This repository contains a custom implementation of the LLaMA 2 model, as described in the paper "LLaMA 2: Open Foundation and Fine-Tuned Chat Models" (ArXiv). This implementation focuses on reproducing and extending some of the key features that distinguish LLaMA 2, including RMS-Normalization, the SwiGLU activation function, Rotary Positional Embeddings (RoPE), increased context length with Grouped-Query Attention (GQA), and the KV-caching technique.
This project aims to build the LLaMA 2 architecture from scratch, incorporating essential advancements in transformer models. Key enhancements include RMS-Normalization, SwiGLU activation, Rotary Positional Embeddings, and advanced attention mechanisms like Grouped-Query Attention, all designed to improve model performance, particularly in handling longer context windows and enhancing the model's positional understanding.
- RMS-Normalization: A simplified version of layer normalization that stabilizes layer activations and aids in model convergence.
- SwiGLU Activation Function: Replaces ReLU to improve training performance through more efficient activation.
- Rotary Positional Embeddings (RoPE): Enhances positional awareness at each token by adding distance between tokens, featured in RoFormer: Enhanced Transformer with Rotary Position Embedding (ArXiv).
- Increased Context Length with GQA: Expands the context window to 4096 tokens and employs grouped-query attention for better long document processing.
- KV-Cache: A caching technique to improve decoding efficiency and speed.
- Inference with Top-P Sampling: Introduces a more dynamic sampling method that adjusts the number of tokens based on their cumulative probability.
- Data & Training Utilities: The project adds torch wrappers to onboard with pretriaing on any
.txt
file.
To install the necessary dependencies, clone this repository and run:
git clone https://github.com/viai957/llama-inference.git
cd llama2-from-scratch
pip install -r requirements.txt
After the training and evaluation phases, we can see a consistent drop in both training and evaluation losses, indicating the model's learning effectiveness. Below is a plot demonstrating this trend over the training steps.
This section guides you through the process of using the repository for inference, ensuring you can easily generate outputs from the LLaMA 2 model. Follow these steps to set up and run inference tasks:
-
Tokenizer: Begin by downloading the LLaMA 2 SentencePiece tokenizer model, necessary for preprocessing your input text. You can find the tokenizer here. Ensure that you place the downloaded model in an accessible directory within your project.
-
Model Weights: You have two options for obtaining the model weights:
- Download Pre-trained Weights: Follow the instructions provided here to download the official LLaMA model weights.
- Train Your Own Model: Alternatively, you can train your own LLaMA 2 model using this repository.
-
Configuration: Configure your inference settings in the
config.py
file. This file should include settings such as the path to the model weights, the tokenizer model, and any other inference parameters like the maximum sequence length.

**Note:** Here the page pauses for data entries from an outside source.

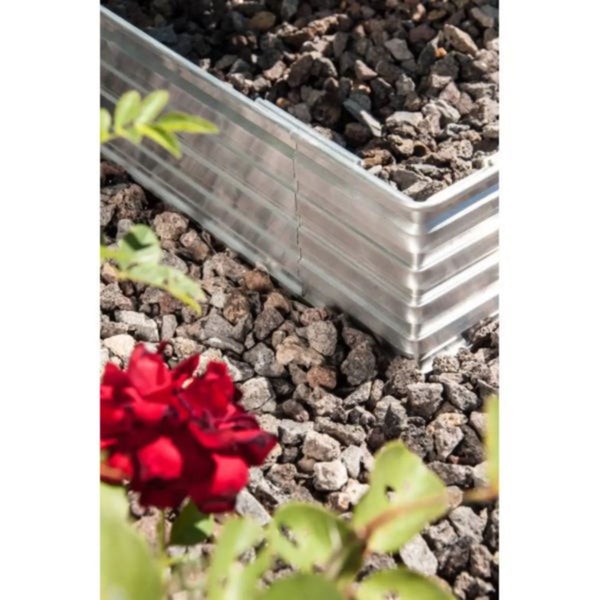 Wellblech-Beetumrandung aus Metall in einem Garten mit Lavasteinen und einer Rose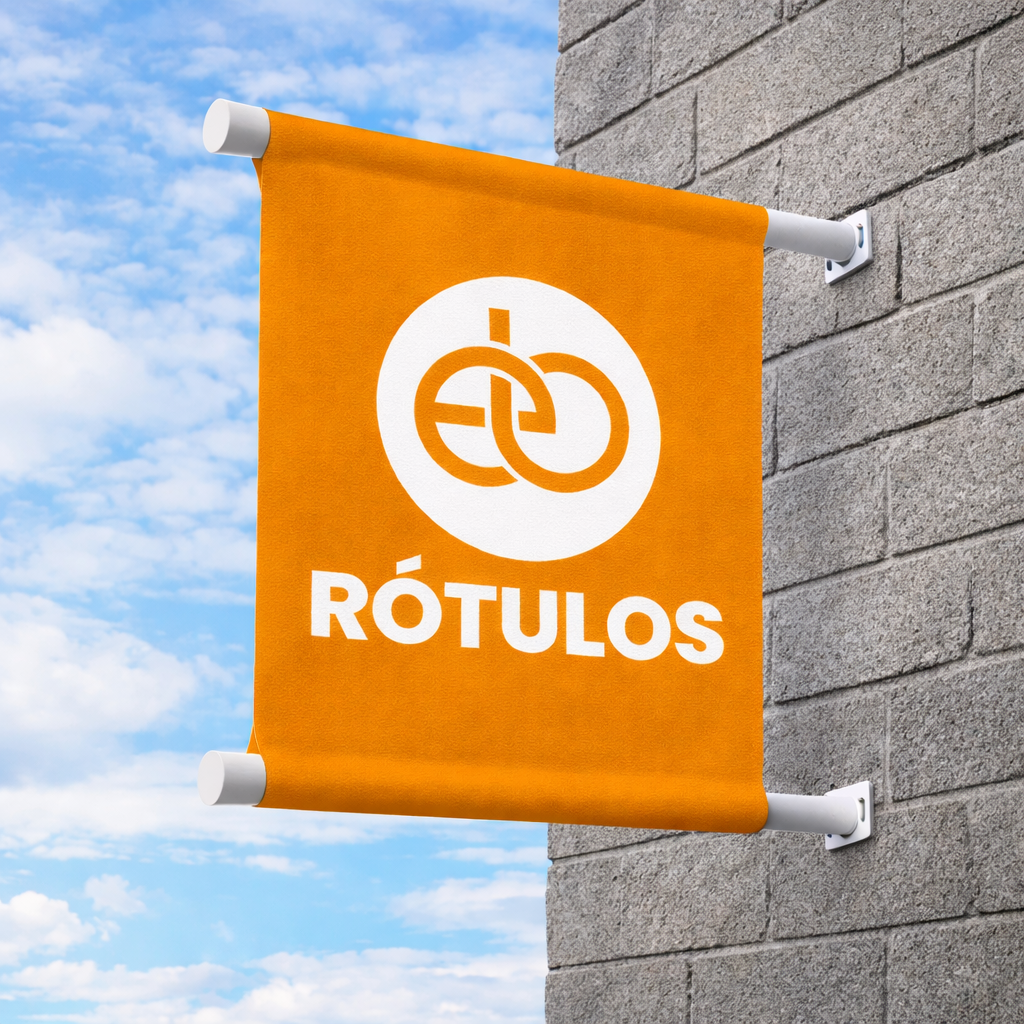 Un cartel naranja colgado en la pared que dice 'RÓTULOS' con un logo circular en blanco.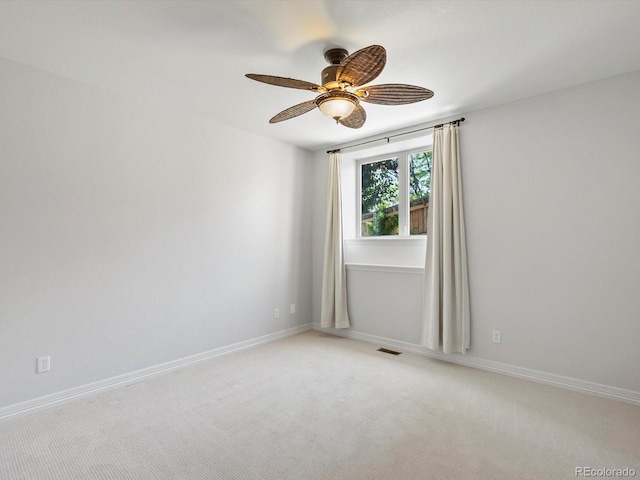 10057 S Shadow Hill Dr, Lone Tree, CO 80124 - unfurnished room with a ceiling fan, light carpet, and baseboards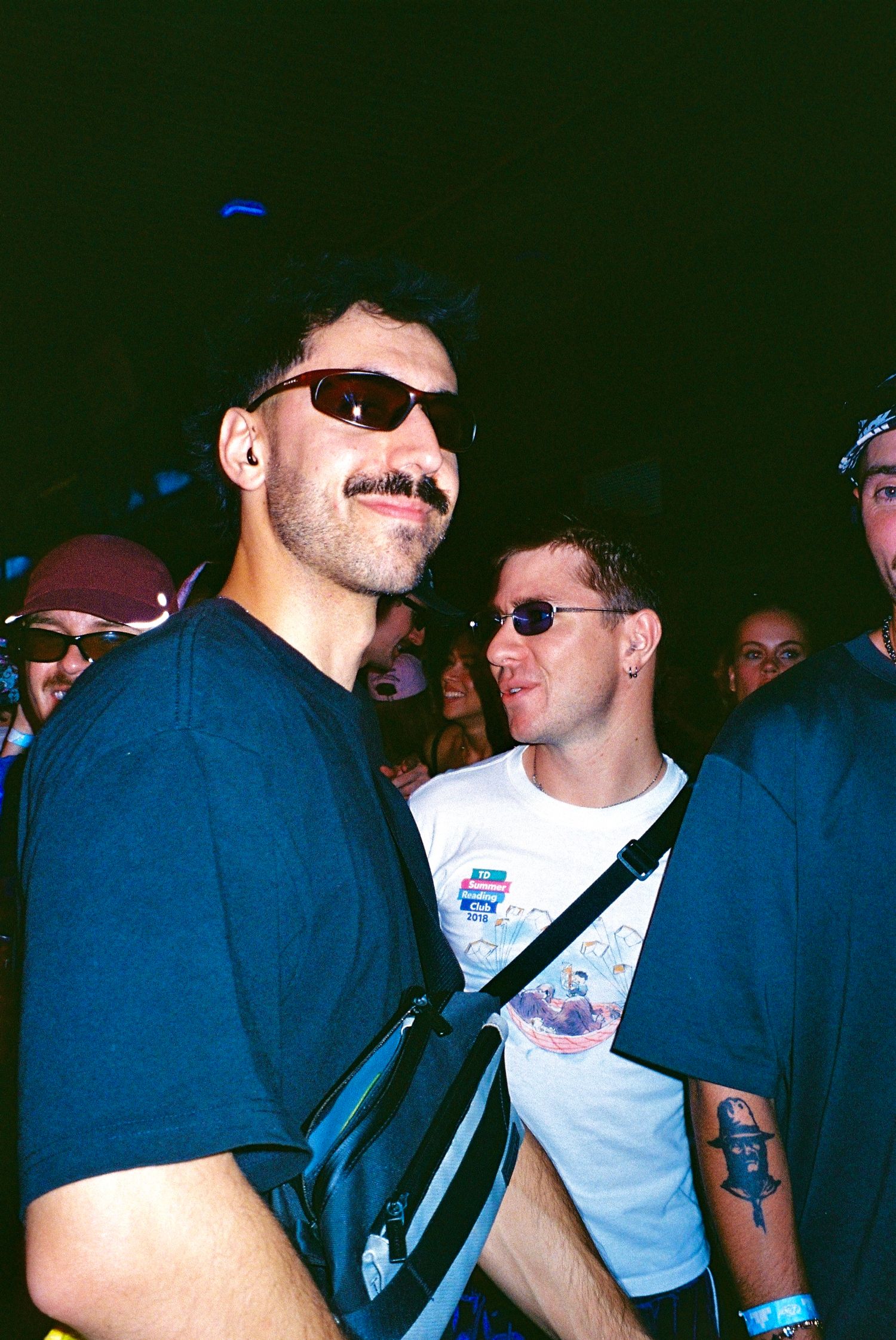 Tall man with mustache wearing wraparound sunglasses and crossbody bag at music event.
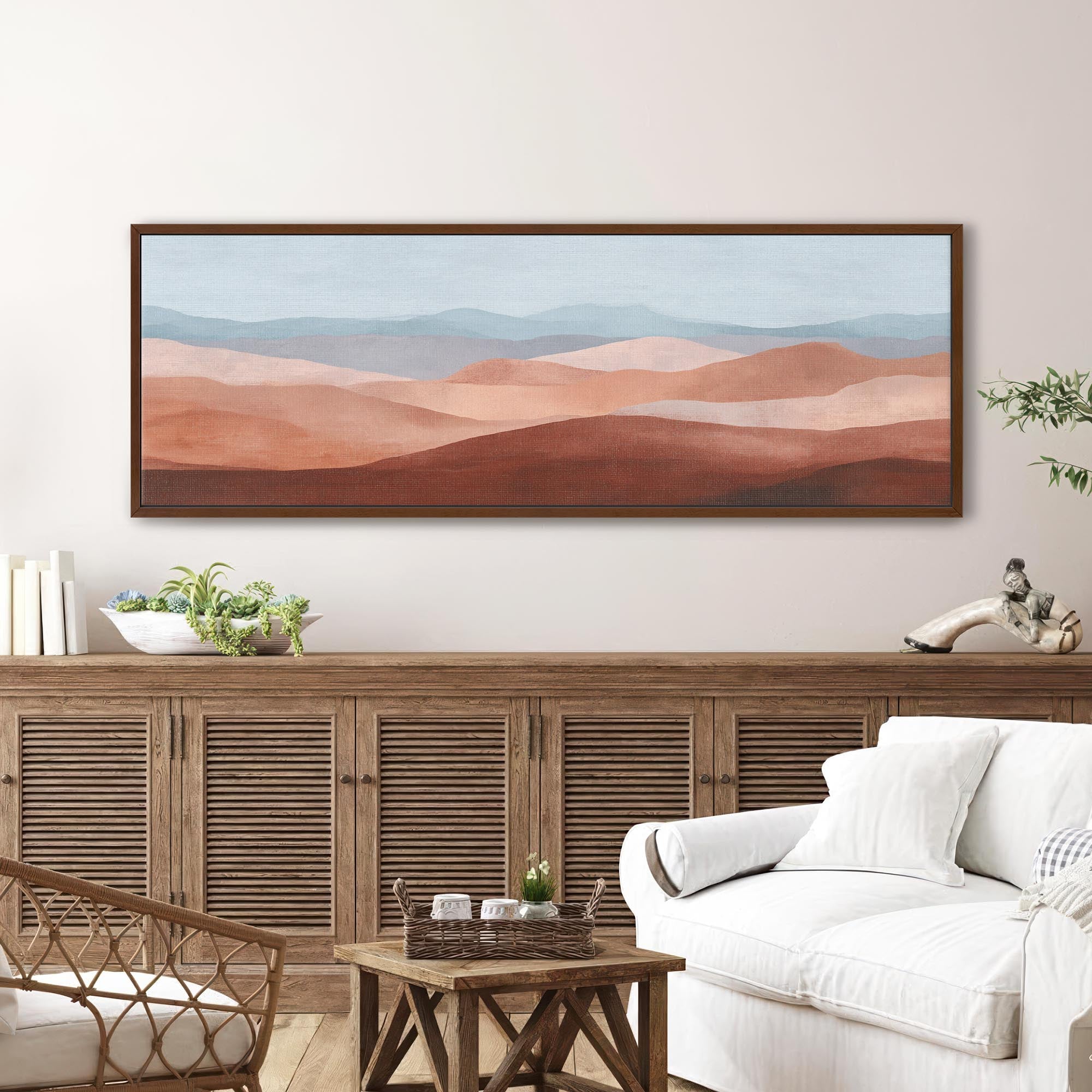 Framed desert landscape canvas wall art displayed above a rustic wood sideboard with white armchair in a cozy modern farmhouse living room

Once you have set up the tokenizer and the model weights, and configured your inference settings, you can run inference by passing a list of prompts through the command line: The repo only have Top P sampling at the moment
python inference.py "Your first prompt" "Your second prompt"

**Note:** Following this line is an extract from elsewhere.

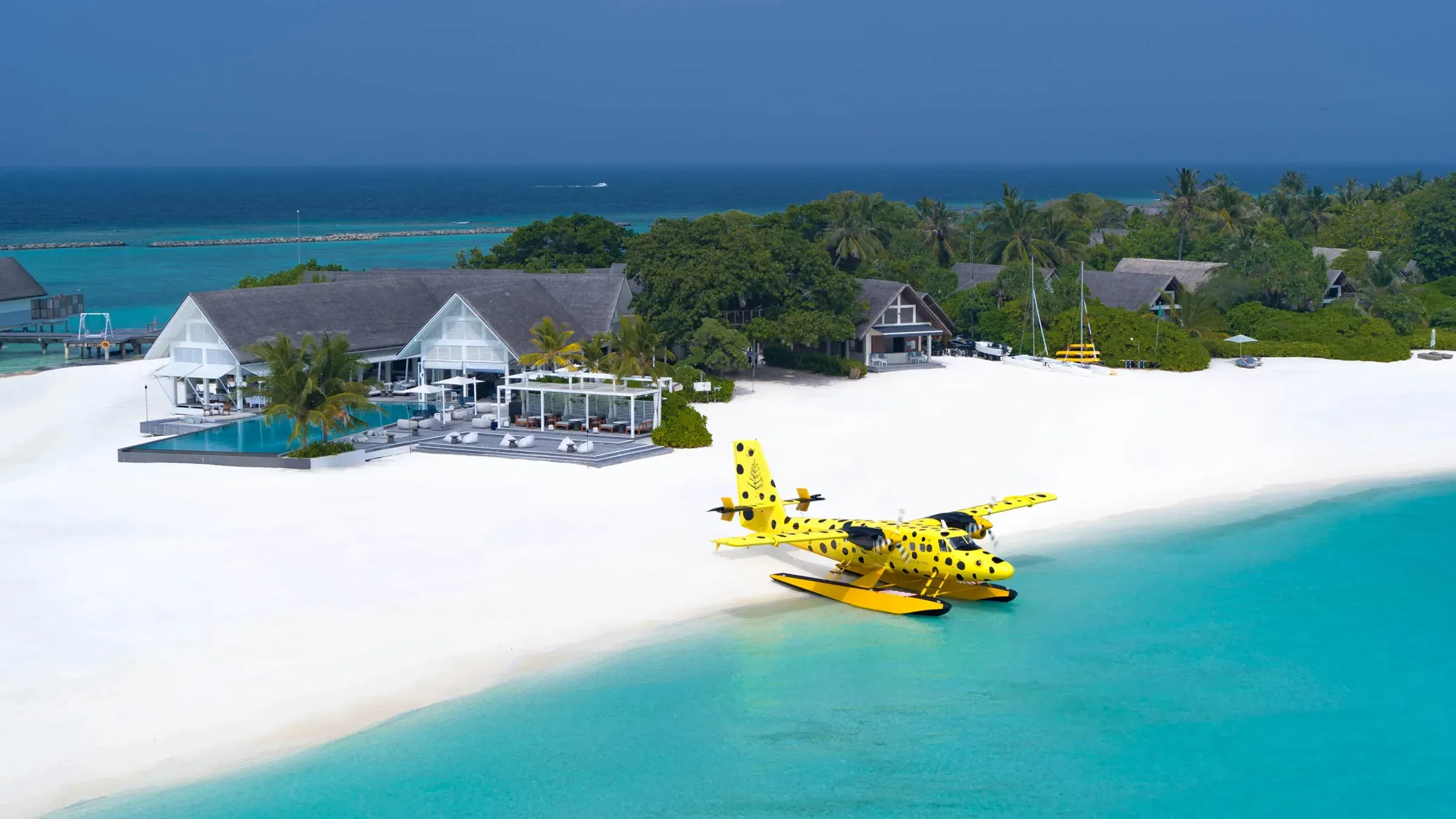 Aerial view of Four Seasons Resort Maldives at Landaa Giraavaru with a seaplane arriving on Blu Beach, Baa Atoll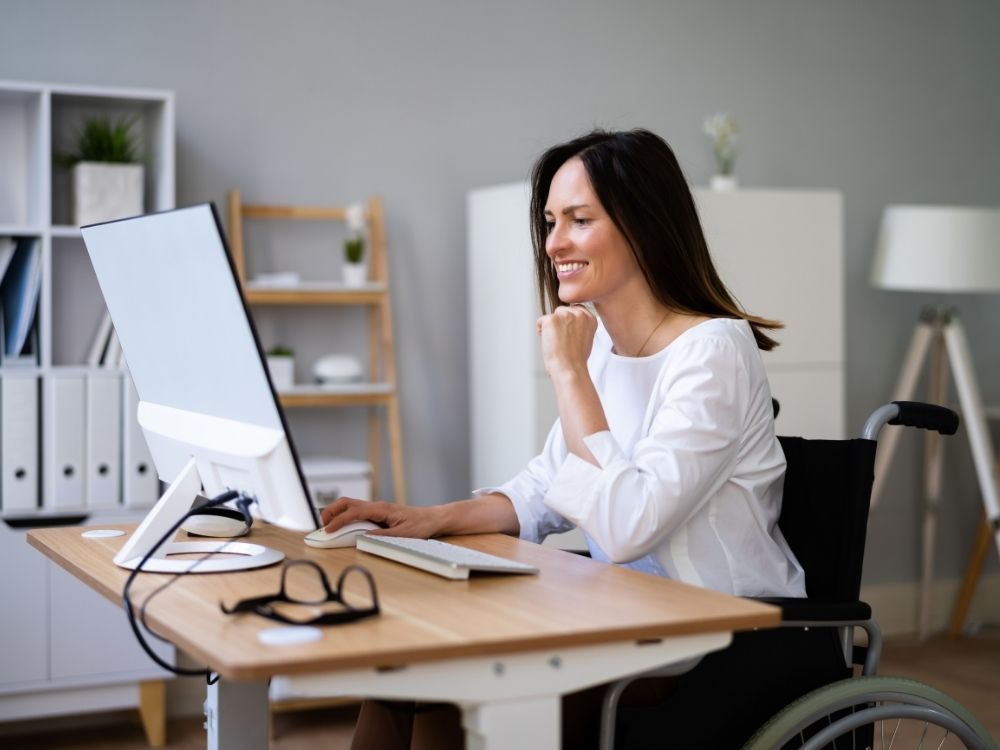 Content woman at desk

The configuration for the model and training is defined using data classes in Python. You can adjust these configurations to suit your dataset and training needs. We have three main config dataclasses:
- ModelArgs.
- DataArgs and
- TrainArgs.
To adjust these configurations, modify the respective fields in the data class instances before initializing your model or training process. For instance, to increase the number of layers and attention heads, you might do:
model_args = ModelArgs(n_layers=48, n_heads=48)

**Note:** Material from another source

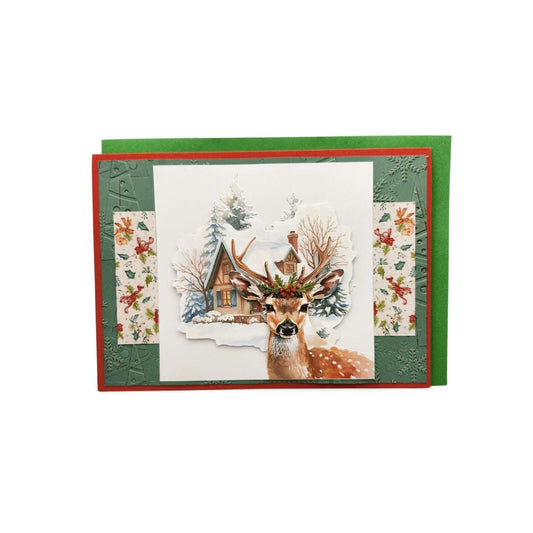 Christmas card with a deer and cabin design on a white background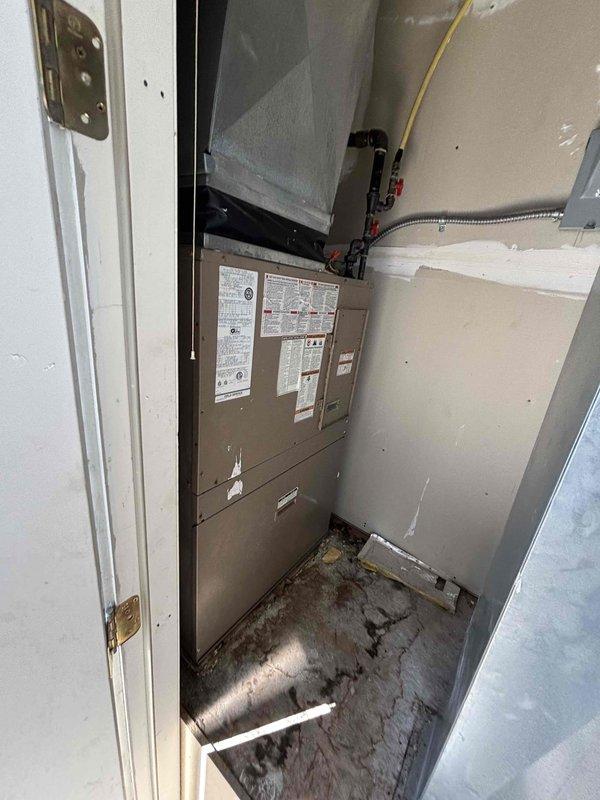 Conducted site evaluation for replacement of combo packaged HVAC unit in apartment setting. Assessed existing equipment housed in dedicated utility closet, documented electrical panel configuration with approximately 16-20 circuit breakers, and inspected current furnace/air handler installation with connected ductwork and plenum. Noted significant floor staining and water damage around base of existing unit indicating previous moisture intrusion issues that will require remediation during replacement process.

train_args = TrainArgs(lr=5e-4, n_epochs=20)
data_args = DataArgs(filepath='new_dataset.txt')
I adjusted the model original HP to fit my compute. Here's a summary of the main configuration settings:
- Model Dimensionality: 2048
- Number of Transformer Layers: 32
- Number of Query Attention Heads: 32
- Optional Number of Heads for Key and Value (n_kv_heads): Can be set for specific requirements
- Vocabulary Size: Set dynamically upon loading the llama2 Sentence Piece tokenizer.
- Operating Mode: 'train/inference', when choosing inference, we apply KV-Cache.
This project has been inspired and informed by various resources and individuals in the AI and machine learning community. We'd like to extend our gratitude to the following:
- Andrej Karpathy for his tutorial on training a GPT from scratch. His insights into neural network architectures and training methodologies have been invaluable.
- Umar Jamil's guide on Training LLama2 from scratch. This resource provided practical insights and a foundational understanding necessary for this implementation.
- The Meta LLaMA GitHub repository has been an essential resource for understanding the intricacies of the LLaMA 2 model and its implementation.
I am grateful for the knowledge shared by these individuals and communities, which has significantly contributed to the development of this project.